◆ WHAT THIS TASK INVOLVES
Repeat the data exactly, leaving out any image.

◆ DATASET EXCERPT

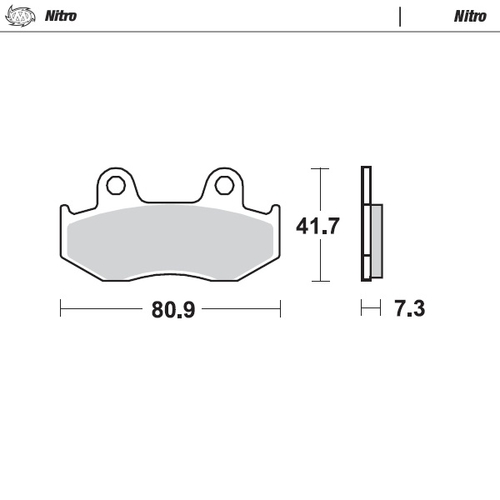 Front pad left Nitro series | Front pad right Nitro series | Rear pad Nitro series
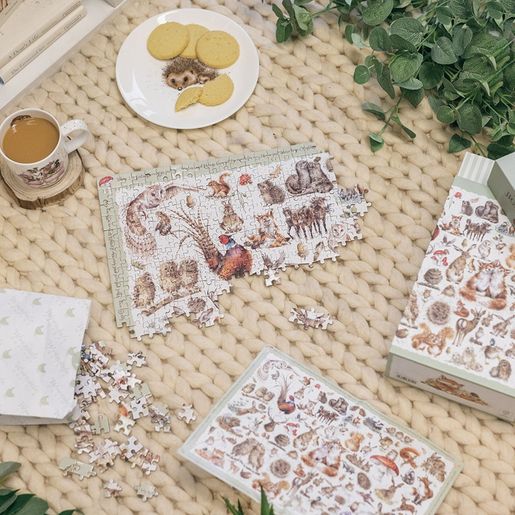 Puzzle Wrendale Designs "Country Set", 1000 dílků - Lesní zvířátka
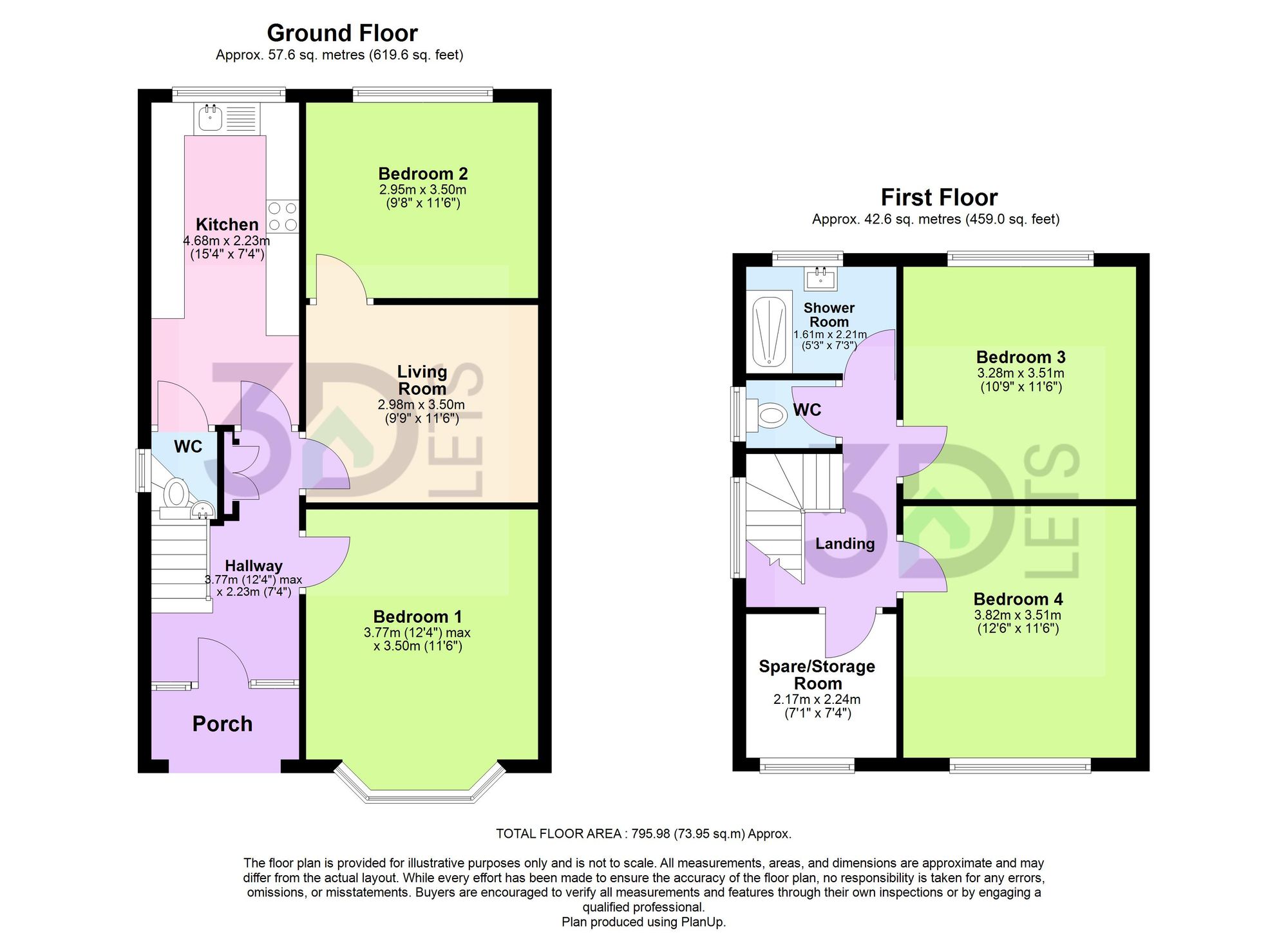 47 Highfield Road, Nottingham floorplan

◆ ANSWER FOR THE TASK
 Front pad left Nitro series | Front pad right Nitro series | Rear pad Nitro series
 Puzzle Wrendale Designs "Country Set", 1000 dílků - Lesní zvířátka
 47 Highfield Road, Nottingham floorplan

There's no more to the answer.